→ Description of the task: A line below contains "Metal Half and", and a later one contains "两方需要的 两方需要的". Repeat both, with every line between them, exactly.

Stored dataset items
================
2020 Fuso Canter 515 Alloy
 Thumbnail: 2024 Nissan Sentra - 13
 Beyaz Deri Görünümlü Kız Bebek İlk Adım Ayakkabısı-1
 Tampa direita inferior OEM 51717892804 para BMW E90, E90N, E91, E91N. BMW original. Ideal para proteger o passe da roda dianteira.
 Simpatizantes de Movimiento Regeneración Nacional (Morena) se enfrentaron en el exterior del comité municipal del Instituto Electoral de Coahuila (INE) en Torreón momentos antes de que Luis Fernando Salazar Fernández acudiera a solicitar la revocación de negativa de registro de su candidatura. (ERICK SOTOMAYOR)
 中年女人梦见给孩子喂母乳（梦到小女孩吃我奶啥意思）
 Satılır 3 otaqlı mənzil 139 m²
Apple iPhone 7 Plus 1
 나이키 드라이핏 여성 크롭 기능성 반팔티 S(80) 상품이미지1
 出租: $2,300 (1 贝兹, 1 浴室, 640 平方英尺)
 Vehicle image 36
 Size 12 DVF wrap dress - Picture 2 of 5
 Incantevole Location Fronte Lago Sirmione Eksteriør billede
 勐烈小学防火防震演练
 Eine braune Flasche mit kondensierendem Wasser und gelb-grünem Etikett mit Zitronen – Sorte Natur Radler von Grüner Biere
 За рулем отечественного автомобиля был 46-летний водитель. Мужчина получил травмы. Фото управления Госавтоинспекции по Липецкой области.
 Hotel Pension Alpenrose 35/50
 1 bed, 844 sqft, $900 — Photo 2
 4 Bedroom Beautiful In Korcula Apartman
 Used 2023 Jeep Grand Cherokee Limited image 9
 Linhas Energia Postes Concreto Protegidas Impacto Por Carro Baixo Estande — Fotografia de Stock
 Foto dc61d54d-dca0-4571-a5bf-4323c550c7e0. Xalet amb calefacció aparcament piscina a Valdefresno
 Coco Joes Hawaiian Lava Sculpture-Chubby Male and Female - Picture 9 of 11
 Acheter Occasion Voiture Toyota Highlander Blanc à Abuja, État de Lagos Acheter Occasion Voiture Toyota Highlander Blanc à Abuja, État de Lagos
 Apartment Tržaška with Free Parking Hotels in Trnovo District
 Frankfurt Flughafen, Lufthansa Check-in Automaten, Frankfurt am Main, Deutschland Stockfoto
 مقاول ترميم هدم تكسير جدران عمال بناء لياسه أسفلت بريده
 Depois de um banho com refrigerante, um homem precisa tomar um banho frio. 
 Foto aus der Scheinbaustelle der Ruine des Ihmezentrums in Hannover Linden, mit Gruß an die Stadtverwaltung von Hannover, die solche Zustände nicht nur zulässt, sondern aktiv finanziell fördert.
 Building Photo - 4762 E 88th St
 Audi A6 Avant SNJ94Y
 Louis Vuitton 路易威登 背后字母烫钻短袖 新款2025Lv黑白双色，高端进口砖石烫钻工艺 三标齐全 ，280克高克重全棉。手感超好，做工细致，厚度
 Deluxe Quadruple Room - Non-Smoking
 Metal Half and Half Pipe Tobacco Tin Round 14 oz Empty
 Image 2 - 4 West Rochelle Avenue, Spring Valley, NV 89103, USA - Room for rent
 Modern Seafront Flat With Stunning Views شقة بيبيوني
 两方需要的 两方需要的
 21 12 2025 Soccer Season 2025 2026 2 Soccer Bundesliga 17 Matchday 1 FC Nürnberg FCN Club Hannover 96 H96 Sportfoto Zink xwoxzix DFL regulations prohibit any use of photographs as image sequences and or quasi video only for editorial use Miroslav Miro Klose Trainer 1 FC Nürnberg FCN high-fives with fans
================
→ Worked solution:
 Metal Half and Half Pipe Tobacco Tin Round 14 oz Empty
 Image 2 - 4 West Rochelle Avenue, Spring Valley, NV 89103, USA - Room for rent
 Modern Seafront Flat With Stunning Views شقة بيبيوني
 两方需要的 两方需要的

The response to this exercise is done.